COLLECTED DATA ▸
---------------

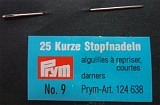 Иглы ручные д/штопки короткие, №9, 25шт в коробке 124638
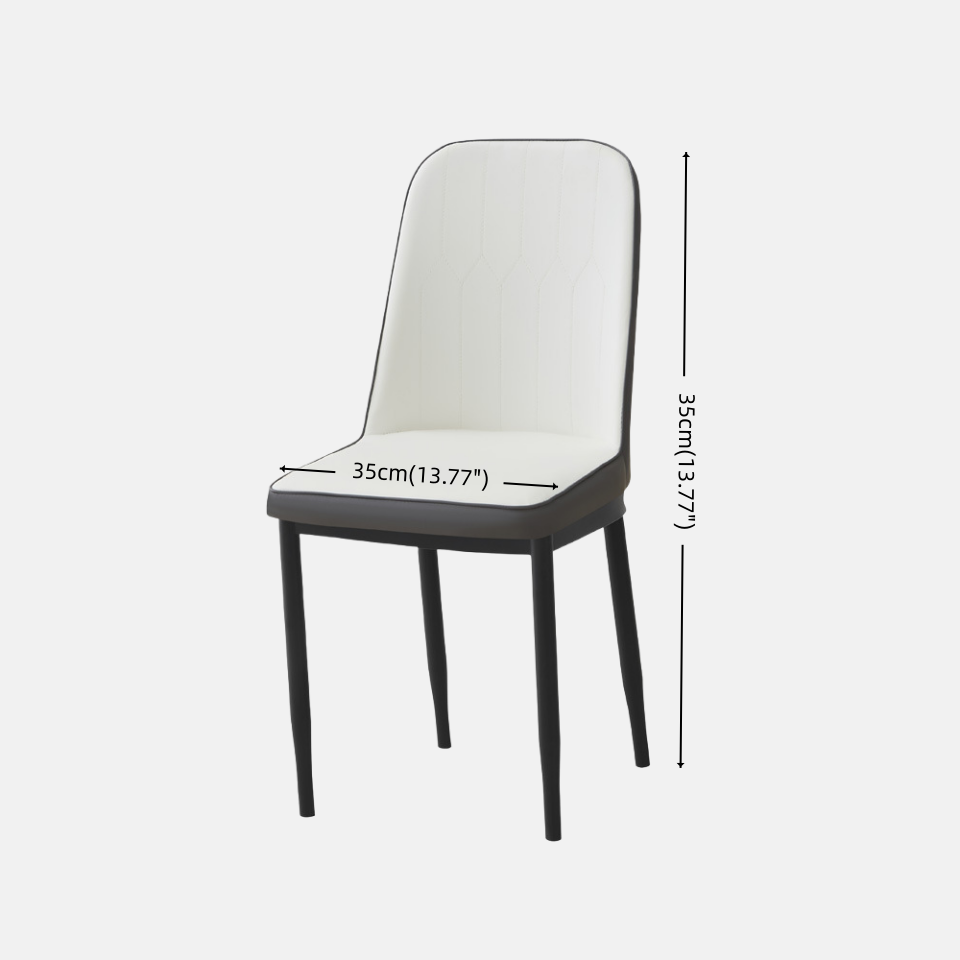 Modern  Grey Metal&Sponge&Leather Chair - For Dining Room/Living Room/Study Room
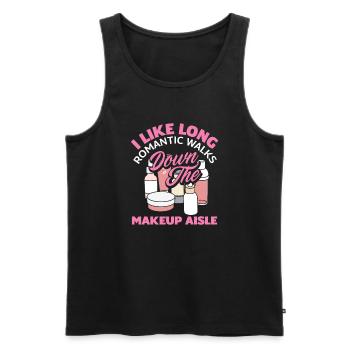 Skin Care Beautician Cosmetics - Men's Premium Organic Tank Top - black - Front - AI Model Male 178 light (178cm)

---------------

TASK DIRECTIONS ▸
Reproduce the full listing above verbatim, with no pictures included.

ANSWER SPACE ▸
 Иглы ручные д/штопки короткие, №9, 25шт в коробке 124638
 Modern  Grey Metal&Sponge&Leather Chair - For Dining Room/Living Room/Study Room
 Skin Care Beautician Cosmetics - Men's Premium Organic Tank Top - black - Front - AI Model Male 178 light (178cm)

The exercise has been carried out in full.